What rights do I have in this case? I don't want to go involving the guards/solicitors but I don't want them getting away with it. I really just want them to shut up and stop bad-mouthing us and was thinking of giving her a (verbal!) warning but knowing her she would say I threatened her.
 
Just send a nice registered letter setting out that she had been slandering you and saying that you take it very seriously. If you hear any further reports you will take legal action to protect your character.
 
Or you could try approaching her face to face - that might even be more scary for a gossip than the legal/formal route.
 
Very often people who go around saying things like that are just dismissed by others. I know all about it, my husband was previouly married and his ex-mother-in-law was and still is [9 years later] the exact same. Try not to let it get to you, but I would agree the letter is a good idea. These people are bullies and if you stand up to them they retreat under their stone. Best of luck and let me know how you are getting on.
 
I think Brendan's suggestion of registered letter will scare the living daylights out of her and that will be the end of it.
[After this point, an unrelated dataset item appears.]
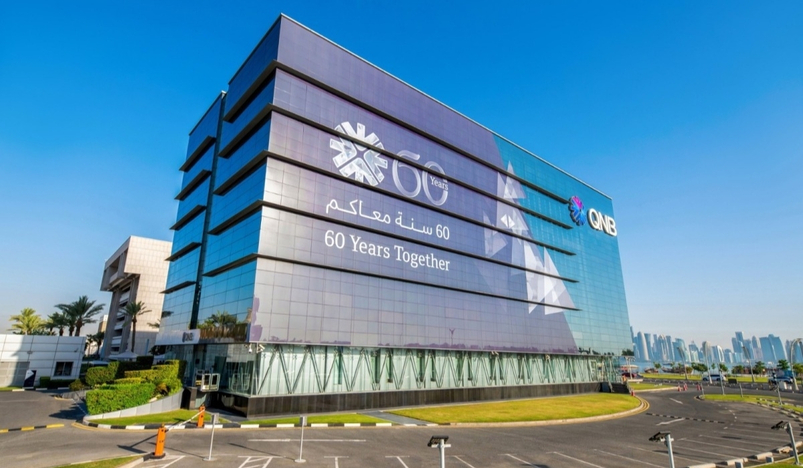 QNB Highlights Major Economic Impact of OBBB Act in the US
People like that are usually weak.
 
RainyDay said:
Or you could try approaching her face to face - that might even be more scary for a gossip than the legal/formal route.
Experience would suggest that this is the better route to take, letters are fine and well but a good face to face confrontation in a public place (don't get abusive but make it clear you know they've been spreading lies etc and will consider legal action) will put people like this completely on the back-foot.

Expect total denial and utter shock from the other party and a shut mouth from that point on.

(Don't expect them to change their ways, they'll gossip away after a few weeks but you can guarantee it won't be about you!)